Filtering and predicting using the darts filters¶
In this notebook, we will look at the Kalman filtering algorithm being used to improve the quality of data affected by noise. White noise is a common component in data retrieved from any kind of sensors.
The Kalman filter is a different kind of model in Darts, in that it’s a FilteringModel
(and not a ForecastingModel
), which can be used to smooth series. In the case of the Kalman filter the “actual” underlying values of the observations are inferred using the state-space model of a linear dynamical system. This system can be provided as an input, or can be fitted on data.
In this notebook, we’ll generate a simple synthetic dataset and see how the Kalman filter can be used to denoise it.
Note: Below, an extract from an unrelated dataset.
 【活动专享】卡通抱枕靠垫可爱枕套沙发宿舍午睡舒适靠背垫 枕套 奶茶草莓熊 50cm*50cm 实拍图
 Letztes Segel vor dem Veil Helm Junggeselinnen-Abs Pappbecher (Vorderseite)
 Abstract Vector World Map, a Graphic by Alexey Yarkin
Note that this is a toy example, mostly to show how the Darts Kalman filter API works.
[ ]:
%reload_ext autoreload
%autoreload 2
%matplotlib inline
import numpy as np
import matplotlib.pyplot as plt
from darts import TimeSeries
from darts.models import KalmanFilter
from darts.utils import timeseries_generation as tg
Step response of a first order system¶
A common shape of signal seen in measurements is that of the exponential approach to a steady state, for example in systems converging to a setpoint. We start by preparing the input (control signal) and output, and add noise to obtain realistic observations.
[2]:
NOISE_DISTANCE = 0.1
SAMPLE_SIZE = 200
np.random.seed(42)
# Prepare the input
u = TimeSeries.from_values(np.heaviside(np.linspace(-5, 10, SAMPLE_SIZE), 0))
# Prepare the output
y = u * TimeSeries.from_values(1 - np.exp(-np.linspace(-5, 10, SAMPLE_SIZE)))
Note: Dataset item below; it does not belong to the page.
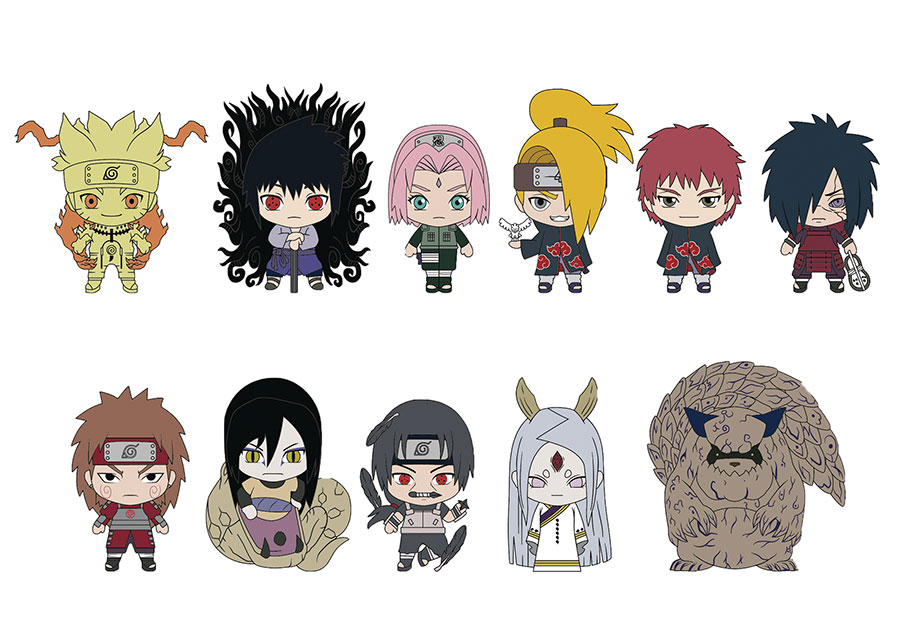 Monogram Bag-Clip Naruto Shippuden Series 6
# Add white noise to obtain the observations
noise = tg.gaussian_timeseries(length=SAMPLE_SIZE, std=NOISE_DISTANCE)
y_noise = y + noise
plt.figure(figsize=[12, 8])
u.plot(label="Input")
y.plot(color="gray", label="Output")
y_noise.plot(color="red", label="Noisy observations")
plt.legend()
plt.show()
This behavior can be modeled by a first-order linear dynamical system, making it an ideal candidate for the Kalman filter with dim_x=1
.
We fit the Kalman filter using the input as covariates, and filter the same time series. Note that the results would probably be better if we had fitted the model on a longer time series.
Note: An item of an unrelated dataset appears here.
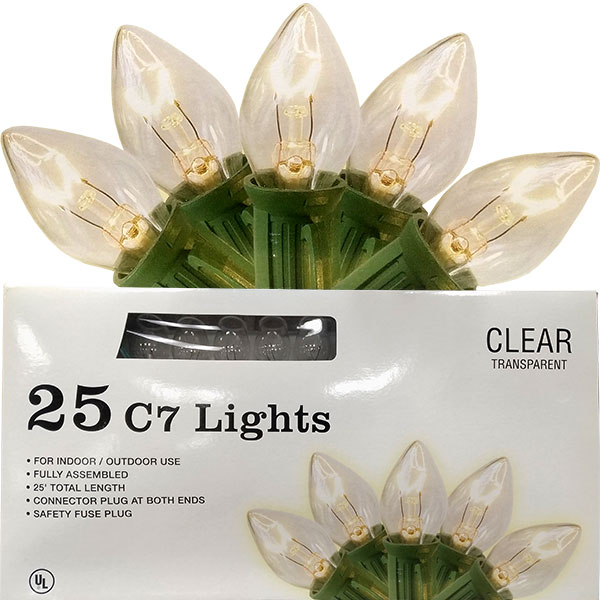 BULB - XMAS C7 CLEAR 25/LED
The filtered observations are fairly close to the noiseless output signal, and tracks the output particularly well at the step change in input. This would not be the case with filtering methods like moving average, and suggests the model indeed takes into account the input (covariates).
We can observe that the error at the start of the time series is larger, as the Kalman filter has little information to estimate the state at that point.
[3]:
kf = KalmanFilter(dim_x=1)
kf.fit(y_noise, u)
y_filtered = kf.filter(y_noise, u)
plt.figure(figsize=[12, 8])
u.plot(label="Input")
y.plot(color="gray", label="Output")
y_noise.plot(color="red", label="Noisy observations")
y_filtered.plot(color="blue", label="Filtered observations")
plt.legend()
[3]:
<matplotlib.legend.Legend at 0x7fc594431ed0>
We can also obtain a probabalistic estimate of the underlying value by increasing num_samples
.
[4]:
y_filtered = kf.filter(y_noise, u, num_samples=1000)
plt.figure(figsize=[12, 8])
u.plot(label="Input")
y.plot(color="gray", label="Output")
y_noise.plot(color="red", label="Noisy observations")
y_filtered.plot(color="blue", label="Filtered observations")
plt.legend()
[4]:
<matplotlib.legend.Legend at 0x7fc581075190>
Spiral drawing¶
First let’s produce a simple drawing and add a significant white noise to it.
[5]:
NOISE_DISTANCE = 0.5
SAMPLE_SIZE = 10000
RESIZE_NOISE = 150
# Prepare the drawing
theta = np.radians(np.linspace(360 * 15, 0, SAMPLE_SIZE))
r = theta**2
x_2 = r * np.cos(theta)
y_2 = r * np.sin(theta)
# add white noise (gaussian noise, can be mapped from the random distribution using rand**3)
# and resize to RESIZE_NOISE
x_2_noise = x_2 + (np.random.normal(0, NOISE_DISTANCE, SAMPLE_SIZE) ** 3) * RESIZE_NOISE
y_2_noise = y_2 + (np.random.normal(0, NOISE_DISTANCE, SAMPLE_SIZE) ** 3) * RESIZE_NOISE
plt.figure(figsize=[20, 20])
plt.plot(x_2_noise, y_2_noise, color="red", label="Noisy spiral drawing.")
plt.plot(x_2, y_2, label="Original spiral drawing.")
plt.legend()
plt.show()
The above drawing can be generated using a second order linear dynamical system without input (decaying to its equilibrium at (0, 0)
). Therefore we can fit a Kalman filter with dim_x=2
on the multivariate time series containing both the “x” and “y” components. We see that the Kalman filter does a good job at denoising the spiral drawing.
Note that we had to adapt the parameter num_block_rows
for the model fitting to converge.
[6]:
kf = KalmanFilter(dim_x=2)
ts = TimeSeries.from_values(x_2_noise).stack(TimeSeries.from_values(y_2_noise))
kf.fit(ts, num_block_rows=50)
filtered_ts = kf.filter(ts).values()
filtered_x = filtered_ts[:, 0]
filtered_y = filtered_ts[:, 1]
plt.figure(figsize=[20, 20])
plt.plot(x_2_noise, y_2_noise, color="red", label="Noisy spiral drawing.")
plt.plot(
filtered_x, filtered_y, color="blue", linewidth=2, label="Filtered spiral drawing."
)
plt.legend()
[6]:
<matplotlib.legend.Legend at 0x7fc58144a950>